Buz and Pancho have several chances to trade off performing heroic deeds as the action leads up to them stealing a train containing the ammunition the rebel army needs. In what I think is one of the most well-paced and exciting sequences in the history of the newspaper comic strips, the next four weeks of strips follow Buz, Christy and Pancho has they try to escape the rebels with the train.
When the train is eventually wrecked, the chase continues afoot. Eventually, our heroes manage to steal a rebel jeep and arrive safely at the presidential palace--though not after there's a close call resulting in their failure to take the rebel flags off the jeep.
But there is no such thing as break time for heroes. There's still the necessity of destroying a bridge to cut off the rebels from reinforcements. Buz and Pancho end up with this job, blowing the bridge but getting captured soon afterwards.

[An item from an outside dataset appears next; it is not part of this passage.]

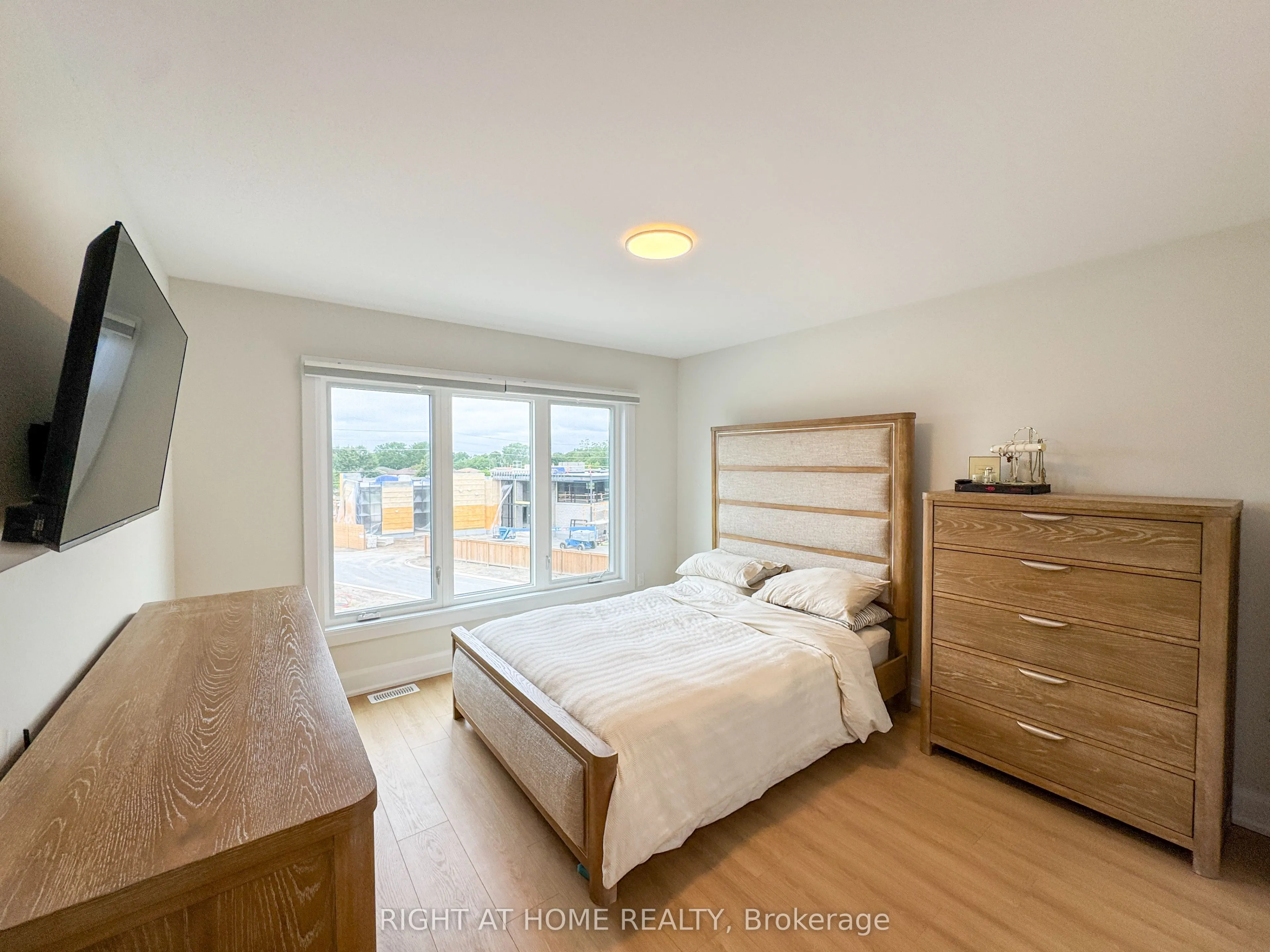 292 VINE Street, #19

This is yet another exciting sequence. Roy Crane really is at the top of his game here. The story moves along at lightning speed; the art is great; and Crane portrays the Buz/Pancho team-up as a perfect synergy of characters. Neither of the heroes is overshadowed by the other as they continue to work together in tandem. Having effective co-protagonists in an adventure story is not an easy balance for a writer to maintain, but Crane pulls it off.
Anyway, Buz and Pancho rather quickly hijack the armored car in which they had been imprisoned and make their escape. The rebellion collapses, Buz has made his company look good when future oil concessions are considered by the government and Pancho gets permission to start his airline. And we--the readers--come away with the intense pleasure of having experienced a master storyteller regale us with one of his best-ever yarns.